*WORK TO BE COMPLETED*. Give back the data exactly, with no images.

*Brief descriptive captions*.
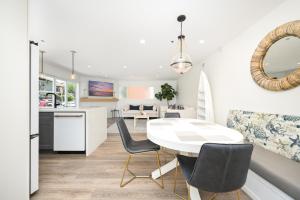 a kitchen and living room with a white table and chairs at 3 Bedroom Renovated Condo on Balboa Island in Newport Beach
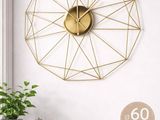 a clock that is on the wall next to a potted plant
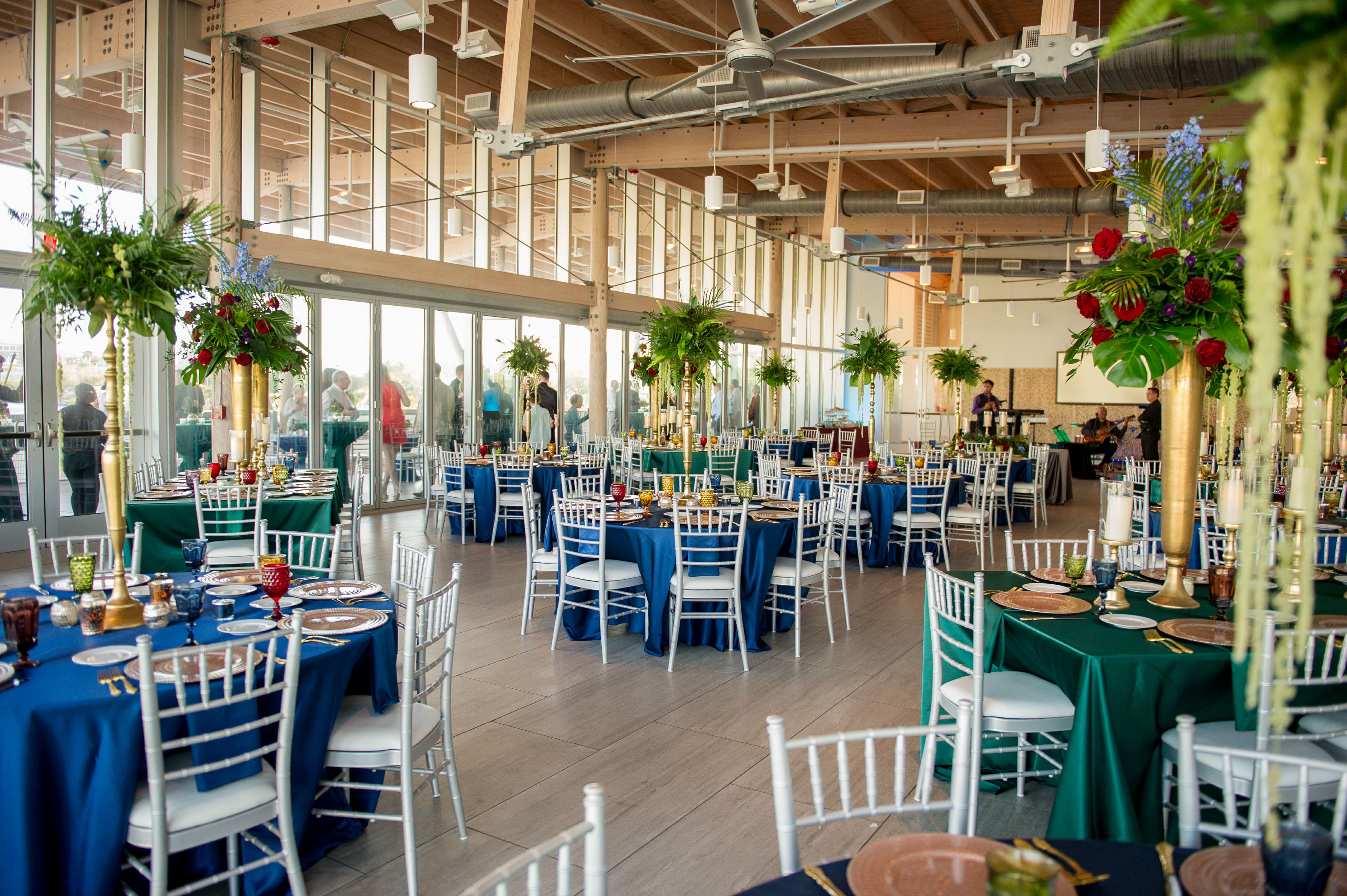 Elegant and Eclectic Jewel Toned Themed Reception Wedding Decor at Downtown Tampa Waterfront Reception Venue Tampa River Center, Floor to Ceiling Windows, Large Gold Vase Centerpieces with Overflowing Green FloralArrangements | Silk and Velvet Jewel Tone Tablecloths, Silver Chairs, Vintage Multi-colored Glass Goblets, Gold Flatware, Tall Silver Candelabras | Tampa Bay Wedding Photographer Andi Diamond Photography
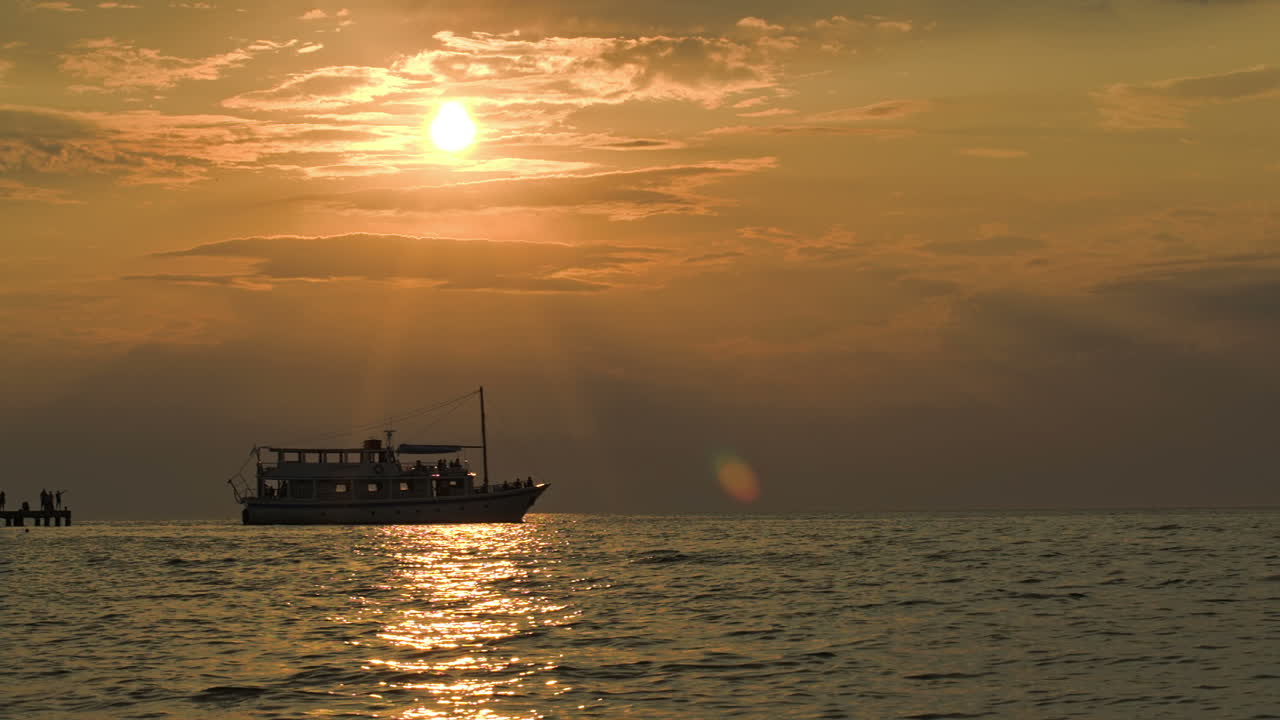 Tourist ship leaving pier at sunset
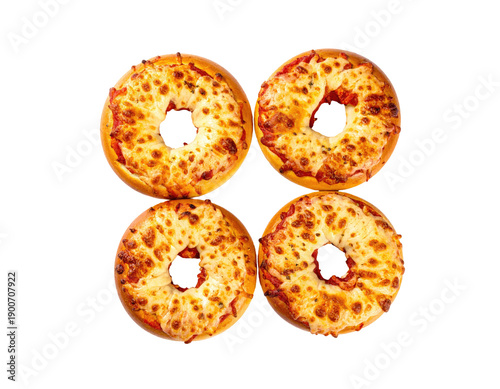 Four baked pizza-bagels arranged in a square, top-down view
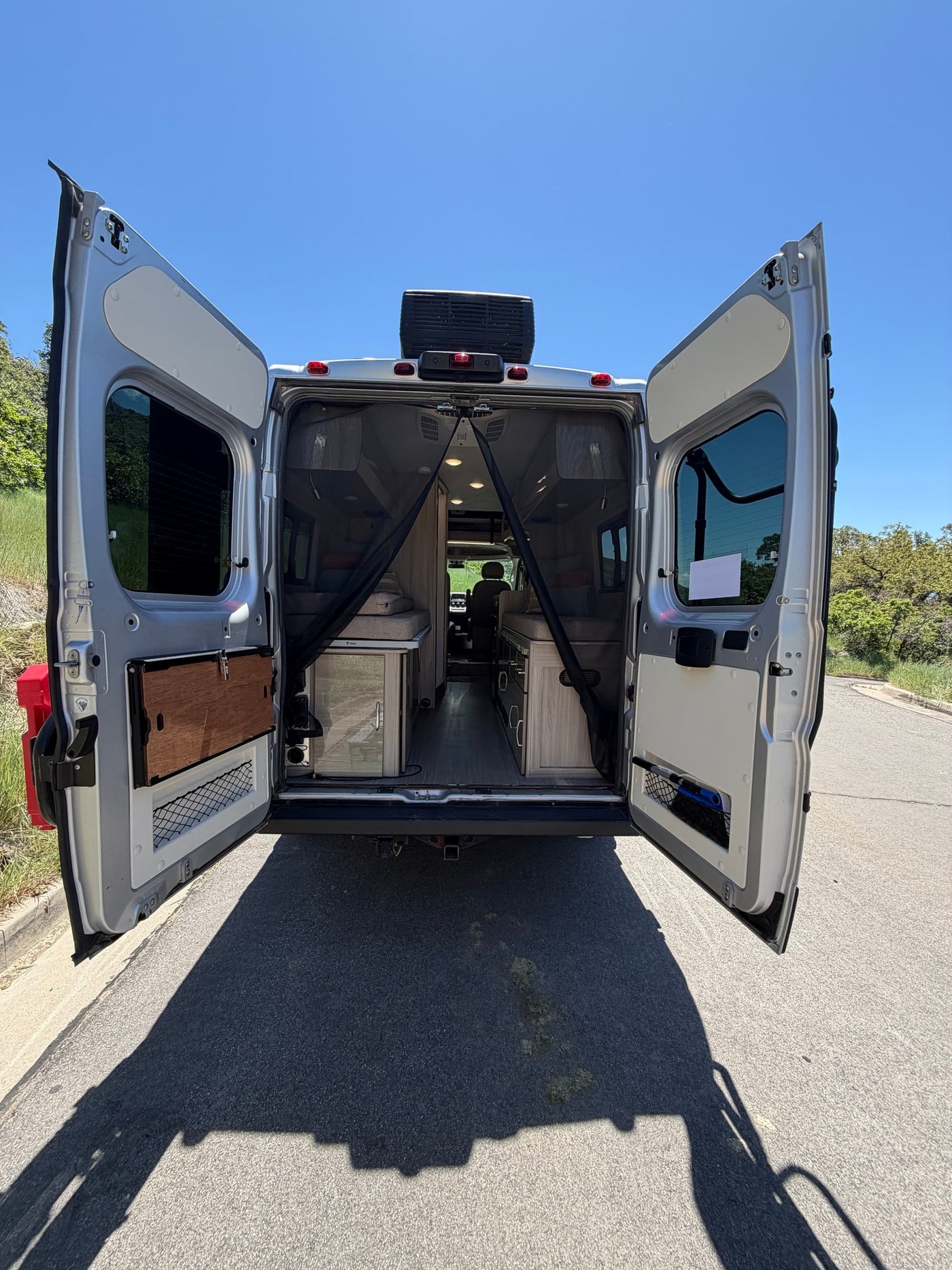 Inside an RV rental, rear doors open wide, revealing two beds, cabinets, and a kitchenette. Ideal for road trips and camping. — photo 11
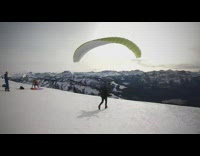 Two guys red and green parachutes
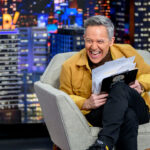 Greg Gutfeld sits in a gray armchair, laughing while holding papers and a clipboard. Behind him is a cityscape backdrop with the word GUTFELD! in bright lights.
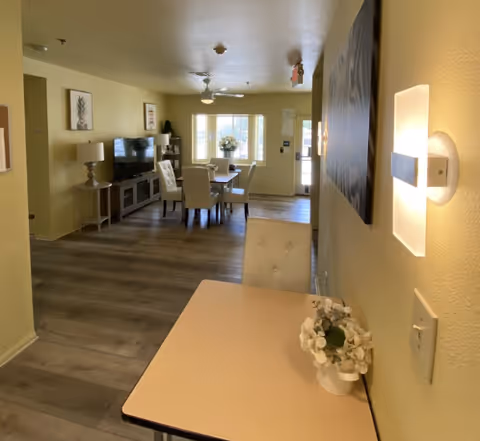 Interior view of a living and dining area in an assisted living facility. The space features a small table with a white flower arrangement in the foreground, a dining table with chairs in the middle, and a TV on a stand against the wall. The room has light-colored walls, wood flooring, and a ceiling fan. Natural light comes through a window and a glass door at the far end.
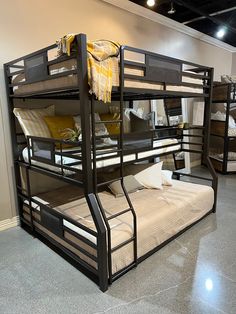 bunk beds are lined up against the wall in a room with carpeted flooring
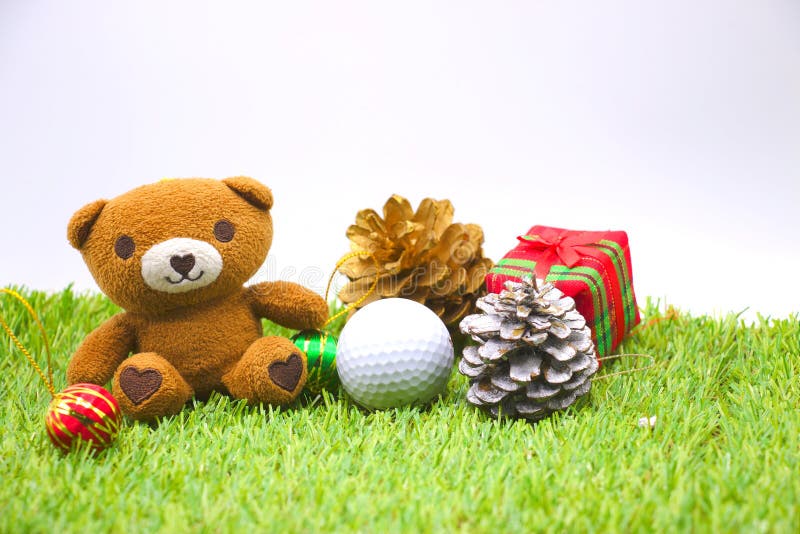 Bear and one golf ball with Christmas tree on green grass. Bear and one golf ball with Christmas tree on green grass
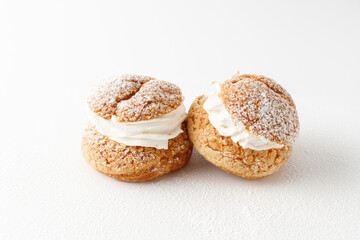 Cream puffs, pastry from choux covered  sugar powder on white background.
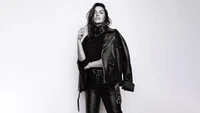 Ana de Armas dans une veste en cuir noir élégante et une tenue ajustée, capturée dans un portrait monochrome frappant.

*RESPONSE TO THIS EXERCISE*.
 a kitchen and living room with a white table and chairs at 3 Bedroom Renovated Condo on Balboa Island in Newport Beach
 a clock that is on the wall next to a potted plant
 Elegant and Eclectic Jewel Toned Themed Reception Wedding Decor at Downtown Tampa Waterfront Reception Venue Tampa River Center, Floor to Ceiling Windows, Large Gold Vase Centerpieces with Overflowing Green FloralArrangements | Silk and Velvet Jewel Tone Tablecloths, Silver Chairs, Vintage Multi-colored Glass Goblets, Gold Flatware, Tall Silver Candelabras | Tampa Bay Wedding Photographer Andi Diamond Photography
 Tourist ship leaving pier at sunset
 Four baked pizza-bagels arranged in a square, top-down view
 Inside an RV rental, rear doors open wide, revealing two beds, cabinets, and a kitchenette. Ideal for road trips and camping. — photo 11
 Two guys red and green parachutes
 Greg Gutfeld sits in a gray armchair, laughing while holding papers and a clipboard. Behind him is a cityscape backdrop with the word GUTFELD! in bright lights.
 Interior view of a living and dining area in an assisted living facility. The space features a small table with a white flower arrangement in the foreground, a dining table with chairs in the middle, and a TV on a stand against the wall. The room has light-colored walls, wood flooring, and a ceiling fan. Natural light comes through a window and a glass door at the far end.
 bunk beds are lined up against the wall in a room with carpeted flooring
 Bear and one golf ball with Christmas tree on green grass. Bear and one golf ball with Christmas tree on green grass
 Cream puffs, pastry from choux covered  sugar powder on white background.
 Ana de Armas dans une veste en cuir noir élégante et une tenue ajustée, capturée dans un portrait monochrome frappant.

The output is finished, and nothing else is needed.